● **Brief**:
Output only the lines below from the one holding "In this video" down to the one holding "To see how expression", both end lines included and every picture dropped.

● **Records**:
________________
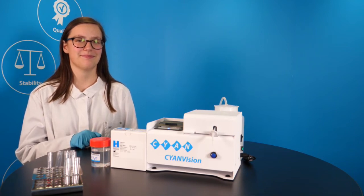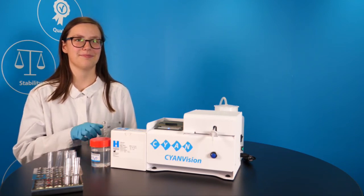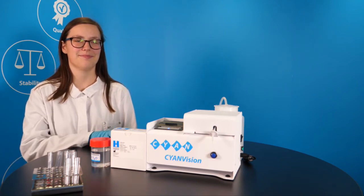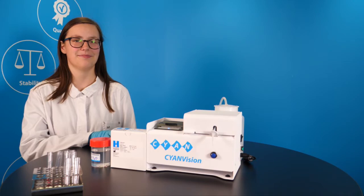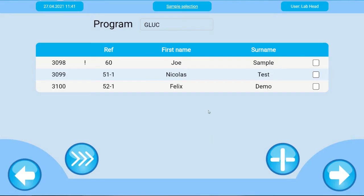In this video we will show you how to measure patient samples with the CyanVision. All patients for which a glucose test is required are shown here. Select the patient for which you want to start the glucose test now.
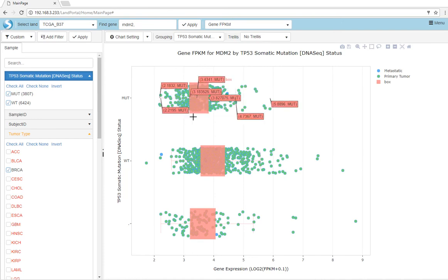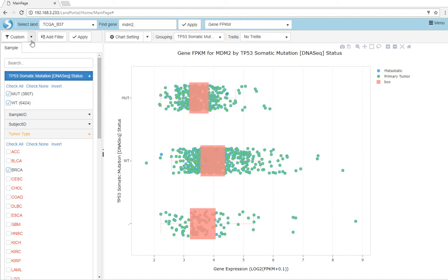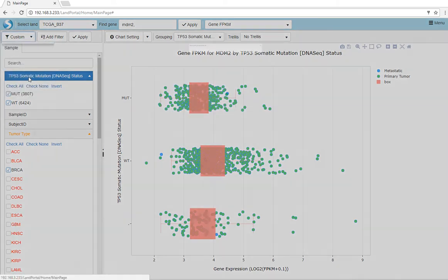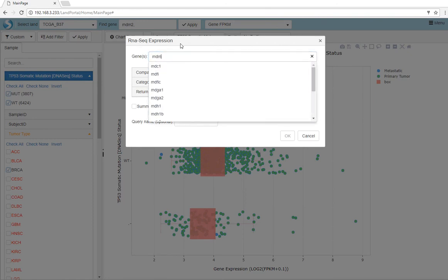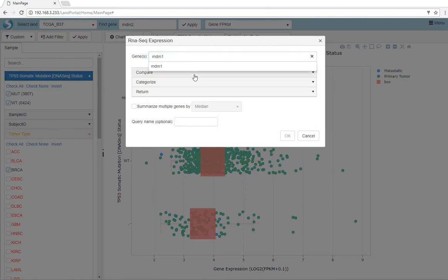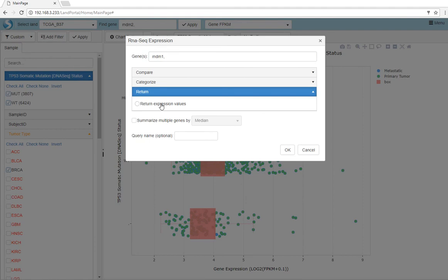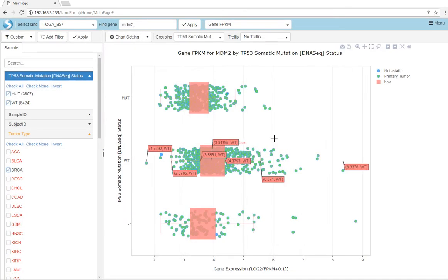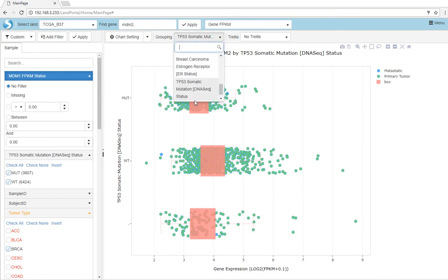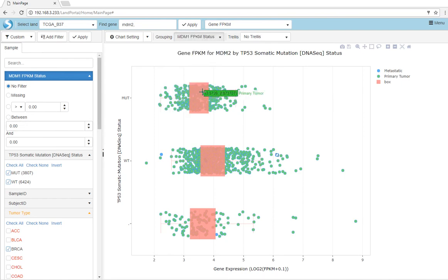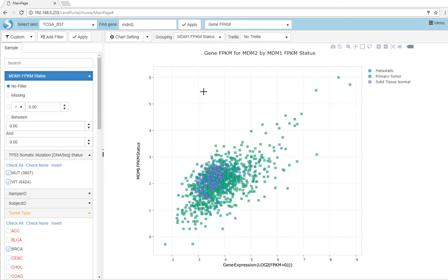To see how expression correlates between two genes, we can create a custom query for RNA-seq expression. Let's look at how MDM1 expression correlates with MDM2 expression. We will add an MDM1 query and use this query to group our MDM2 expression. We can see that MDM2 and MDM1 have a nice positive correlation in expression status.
________________
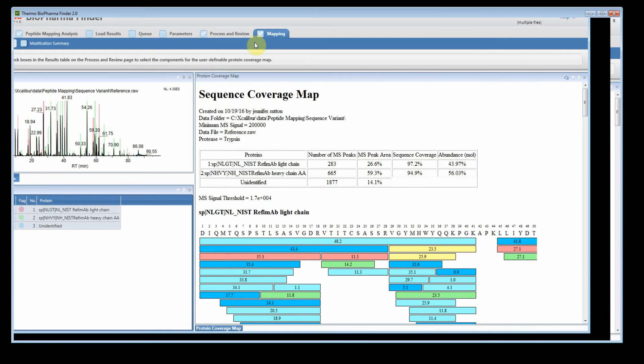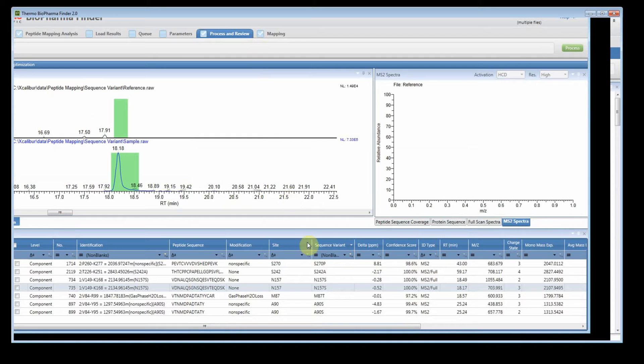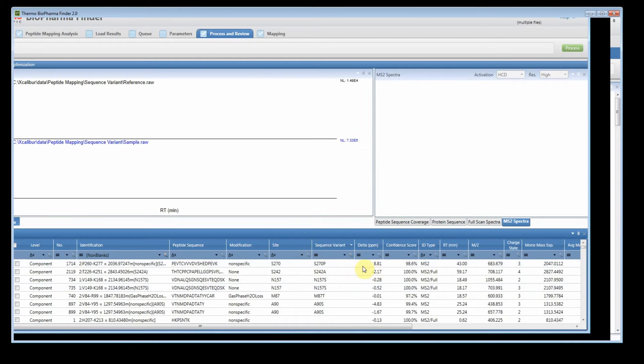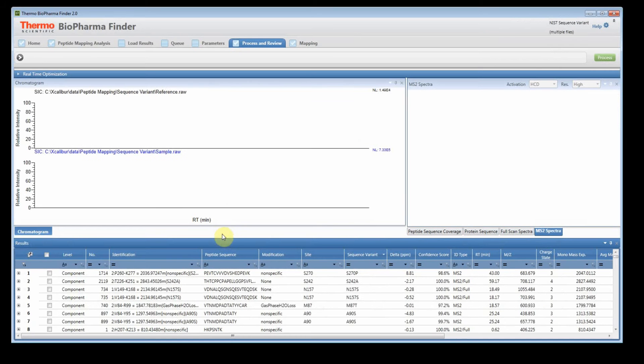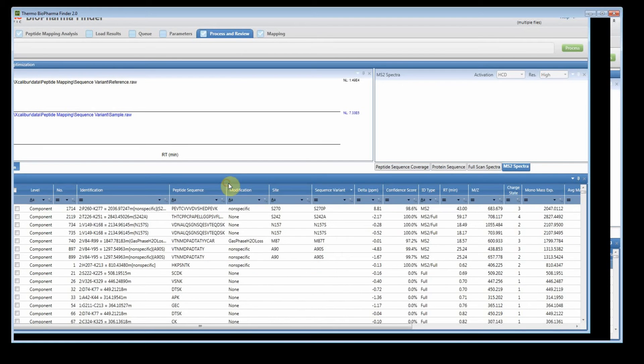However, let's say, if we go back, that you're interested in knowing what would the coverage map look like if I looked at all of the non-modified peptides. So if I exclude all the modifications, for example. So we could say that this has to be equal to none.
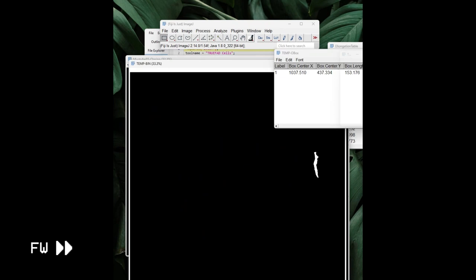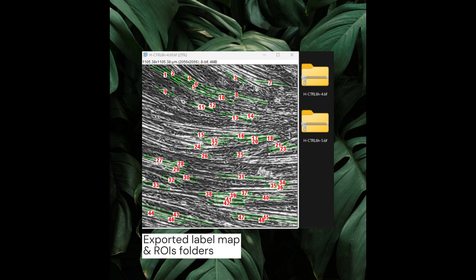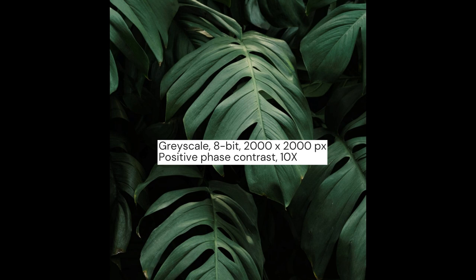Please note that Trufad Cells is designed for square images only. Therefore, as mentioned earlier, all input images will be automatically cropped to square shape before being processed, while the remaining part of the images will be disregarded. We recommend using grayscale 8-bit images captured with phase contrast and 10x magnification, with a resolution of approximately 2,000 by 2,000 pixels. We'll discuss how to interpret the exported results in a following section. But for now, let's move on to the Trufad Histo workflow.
________________
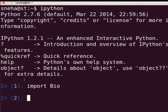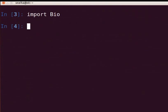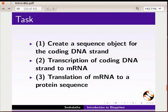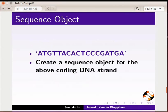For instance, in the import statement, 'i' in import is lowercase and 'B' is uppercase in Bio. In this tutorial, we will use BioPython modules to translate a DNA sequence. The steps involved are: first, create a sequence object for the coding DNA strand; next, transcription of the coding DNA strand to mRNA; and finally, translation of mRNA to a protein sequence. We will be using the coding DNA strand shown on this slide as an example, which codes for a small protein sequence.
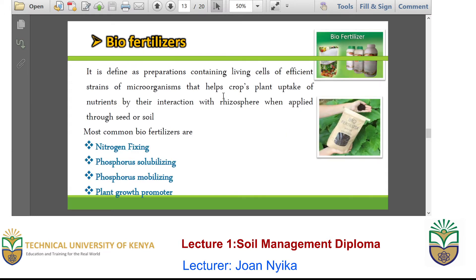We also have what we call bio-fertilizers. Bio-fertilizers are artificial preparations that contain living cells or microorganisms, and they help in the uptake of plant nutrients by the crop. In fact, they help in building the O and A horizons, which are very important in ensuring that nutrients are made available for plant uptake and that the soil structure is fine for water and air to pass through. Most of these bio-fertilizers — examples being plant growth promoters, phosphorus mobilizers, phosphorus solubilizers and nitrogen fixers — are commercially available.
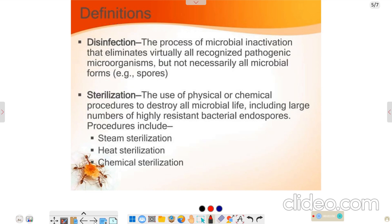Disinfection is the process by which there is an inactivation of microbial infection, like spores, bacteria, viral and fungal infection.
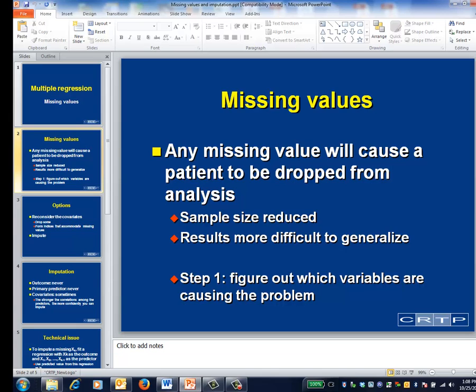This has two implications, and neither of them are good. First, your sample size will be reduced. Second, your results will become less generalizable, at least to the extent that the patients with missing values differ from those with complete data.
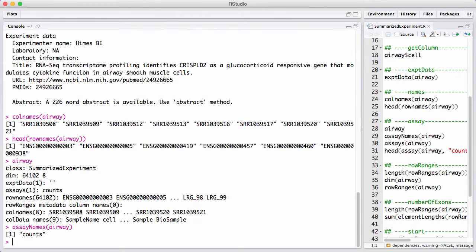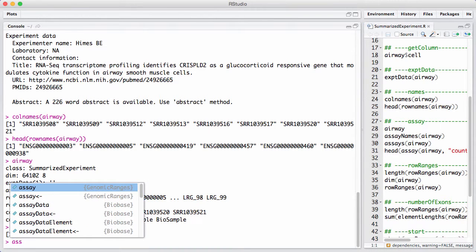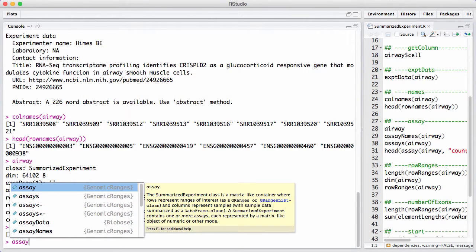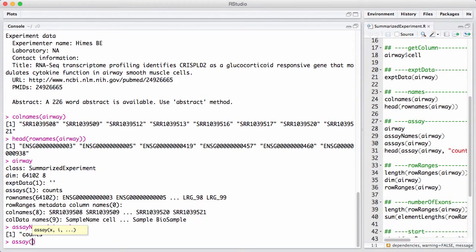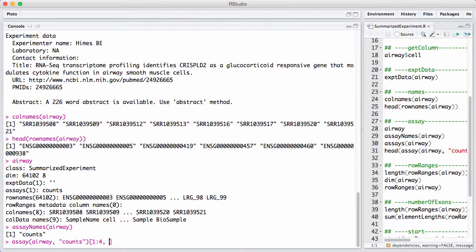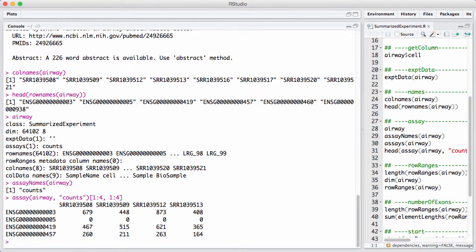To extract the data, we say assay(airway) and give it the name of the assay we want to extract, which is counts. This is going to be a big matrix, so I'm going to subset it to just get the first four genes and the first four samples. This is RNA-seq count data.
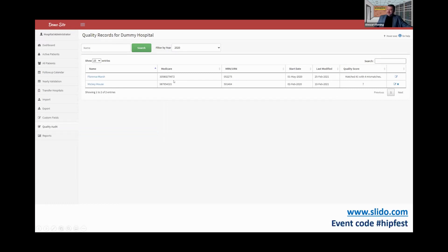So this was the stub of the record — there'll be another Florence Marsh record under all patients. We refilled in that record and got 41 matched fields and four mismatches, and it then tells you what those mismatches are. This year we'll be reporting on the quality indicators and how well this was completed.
________________
● **Result for this exercise**:
In this video we will show you how to measure patient samples with the CyanVision. All patients for which a glucose test is required are shown here. Select the patient for which you want to start the glucose test now.
To see how expression correlates between two genes, we can create a custom query for RNA-seq expression. Let's look at how MDM1 expression correlates with MDM2 expression. We will add an MDM1 query and use this query to group our MDM2 expression. We can see that MDM2 and MDM1 have a nice positive correlation in expression status.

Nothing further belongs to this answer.